** Opening Given records block **

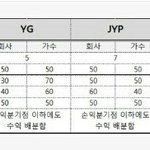 [EXO] 조작이라는년<b>아</b> 조작인지 니가 어케암?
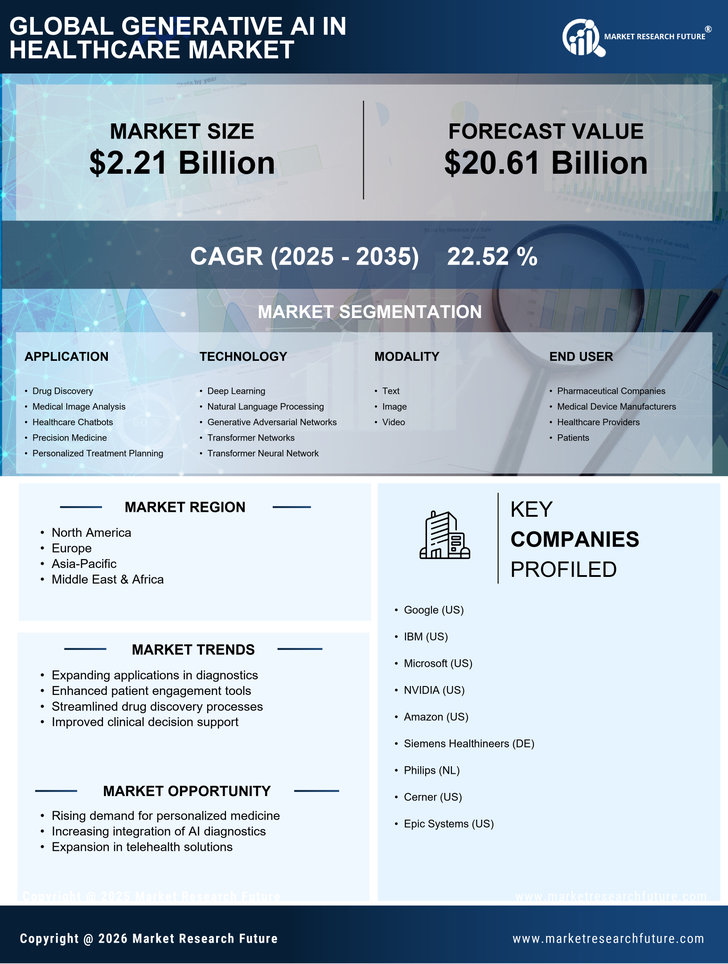Generative Ai In Healthcare Market Research Report - Global Forecast till 2035 Infographic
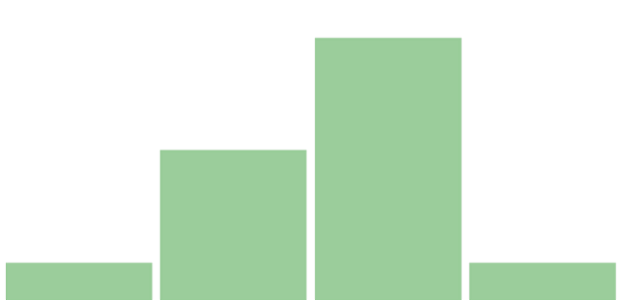 anychart.charts.Sparkline.fill set asOpacity created by AnyChart Team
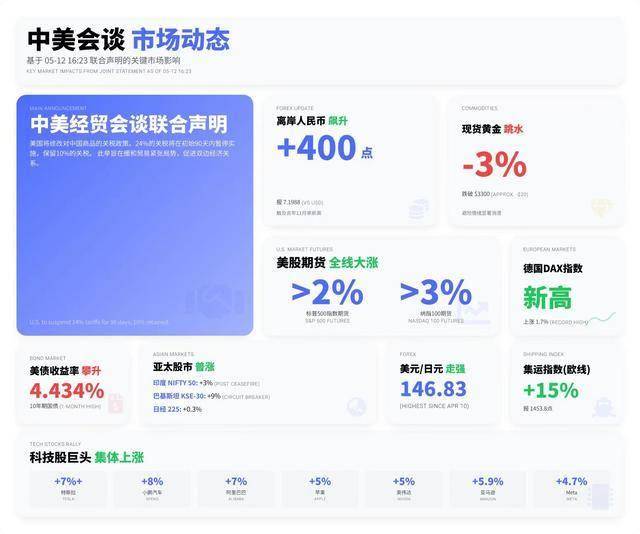 金华星方汇广场招标，总建筑面积1.9万㎡
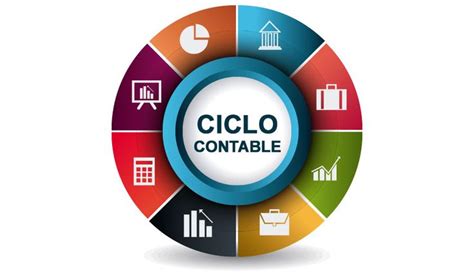 Ciclo Contable Ciclo Contable Registro Contable Estados Financieros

** Closing Given records block **

Take the line that contains "Generative Ai In" and every line after it to the end of the records above; quote them exactly, leaving out the pictures.

▶ **Result for this exercise**:
Generative Ai In Healthcare Market Research Report - Global Forecast till 2035 Infographic
 anychart.charts.Sparkline.fill set asOpacity created by AnyChart Team
 金华星方汇广场招标，总建筑面积1.9万㎡
 Ciclo Contable Ciclo Contable Registro Contable Estados Financieros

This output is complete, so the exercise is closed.